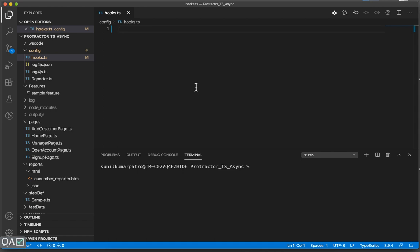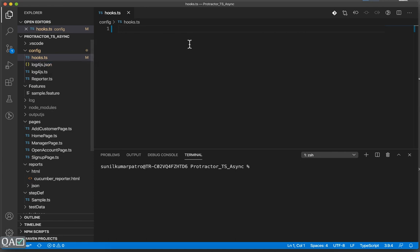In our Jasmine framework we were using beforeEach and beforeAll functions for setup prior to test runs. Cucumber provides the same capability since it is also a unit testing framework in terms of BDD. Under our existing config folder where we have the reporter and logins, we'll add another file called hooks, which determines what needs to happen before or after executing the features.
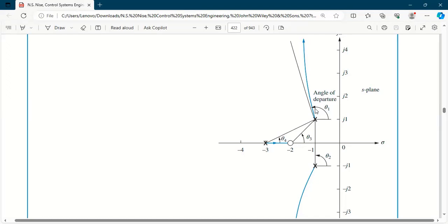Closed loop poles change with the value of gain. When the gain value is zero, you are at the location of open loop poles. And when the gain value becomes maximum — infinity — you reach towards the open loop zeros. So you can say that root locus departs from that point where gain is equal to zero, and root locus finalizes at that point where gain is maximum.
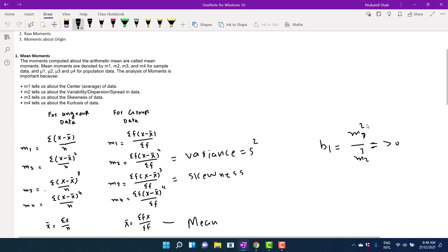To know the direction of skewness — whether it is negative or positive — we look at the sign of m3. If m3 is zero, the distribution will be symmetrical and both tails will be equal. If m3 is greater than zero (positive), the distribution will be positively skewed, meaning the right-hand tail is longer. If m3 is negative, the left-hand tail is longer and the distribution is negatively skewed.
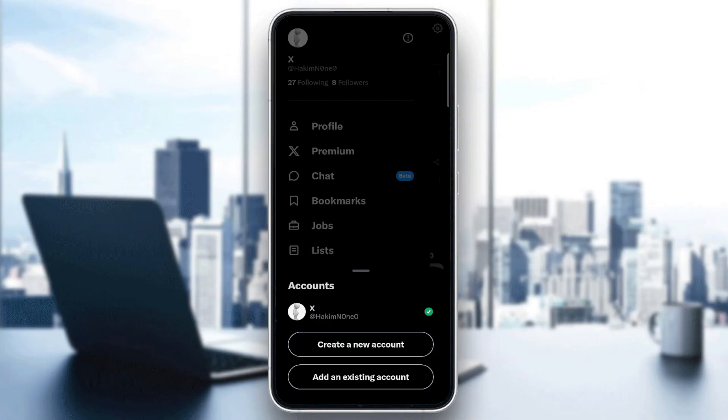Then tap the account name or profile picture you want to switch to. The app will instantly switch onto that account. No need to login again since you already done that before.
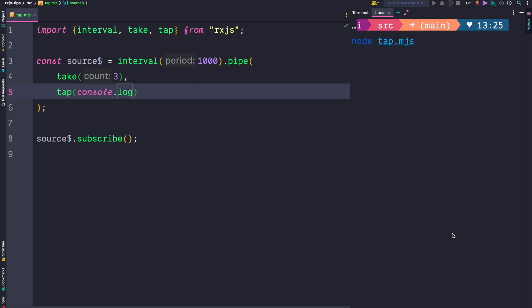In the current example we use the tap operator to log out the values emitted by the interval operator. Our observable uses the take three operator. This means after three emissions our observable completes.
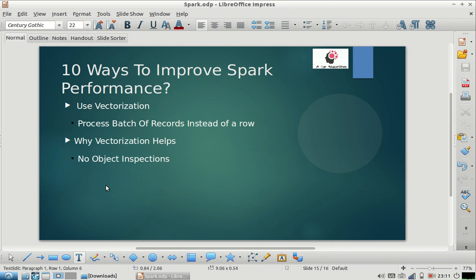Welcome, my friends. I am back with the last video in our series of steps to improve Spark performance. Today we are going to discuss two ways to improve Spark performance, and I believe these are going to be very helpful for you during interviews as well as during any kind of production deployment or issues you may be facing in your project.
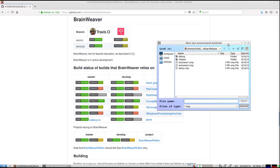Hello, in this video I want to show you how to use the autosave in Brainweaver.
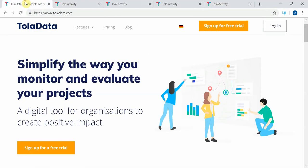If you want to know more, please don't hesitate to get in touch at info@toladata.com or come to our website and sign up for a free trial today. Thank you.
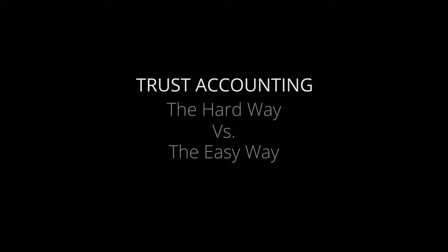This video is about how to set up and use trust accounting in QuickBooks Online with LeanLaw. You can do it the hard way, without LeanLaw, or you can do it the easy way.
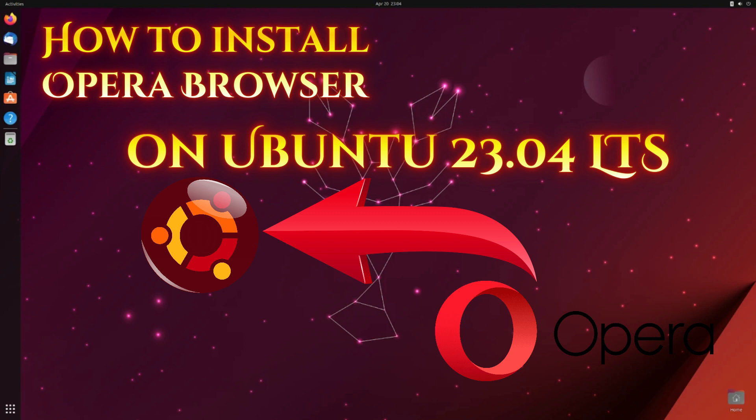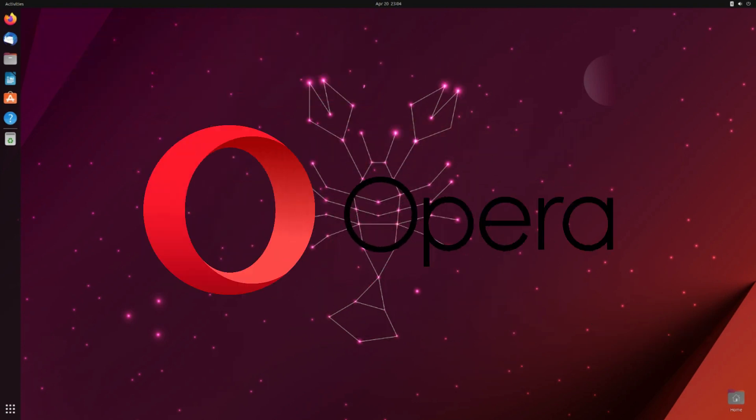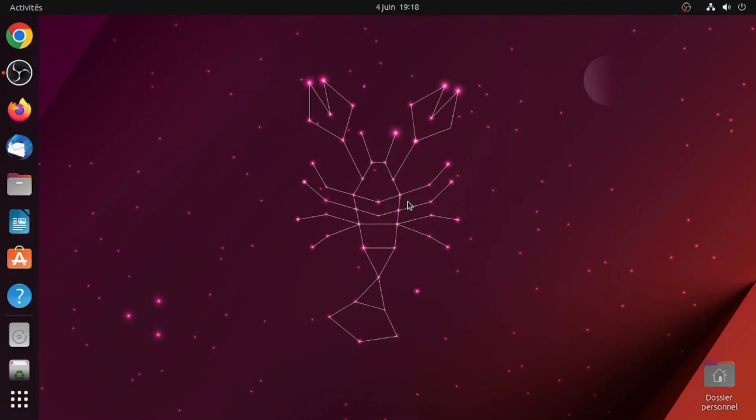the famous Opera browser, its latest version, on Ubuntu 23.04, in two ways: through commands in the terminal, and through Ubuntu Software. Opera is a multi-platform web browser developed by its namesake company, Opera. The browser is based on Chromium but distinguishes itself through its user interface and other features. Now let's head over to Ubuntu and start explaining.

• • • • •

Output exactly the lines above, from the line with "Hello, in this" to the line with "This video is", both included; skip the pictures.

Hello, in this video I want to show you how to use the autosave in Brainweaver.
If you want to know more, please don't hesitate to get in touch at info@toladata.com or come to our website and sign up for a free trial today. Thank you.
This video is about how to set up and use trust accounting in QuickBooks Online with LeanLaw. You can do it the hard way, without LeanLaw, or you can do it the easy way.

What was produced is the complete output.